### The problem
Print each line once more, unchanged, from the line holding "ALEX / ATMUNGSAKTIVE, RUTSCHFESTE" to the end of the listing below.

### Given material
· · · ·
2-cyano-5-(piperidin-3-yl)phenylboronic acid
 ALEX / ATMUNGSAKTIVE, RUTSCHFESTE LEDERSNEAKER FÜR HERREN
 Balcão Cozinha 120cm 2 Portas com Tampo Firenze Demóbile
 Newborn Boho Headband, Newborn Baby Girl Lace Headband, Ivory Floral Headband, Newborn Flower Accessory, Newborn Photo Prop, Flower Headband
· · · ·
### Result of this task
 ALEX / ATMUNGSAKTIVE, RUTSCHFESTE LEDERSNEAKER FÜR HERREN
 Balcão Cozinha 120cm 2 Portas com Tampo Firenze Demóbile
 Newborn Boho Headband, Newborn Baby Girl Lace Headband, Ivory Floral Headband, Newborn Flower Accessory, Newborn Photo Prop, Flower Headband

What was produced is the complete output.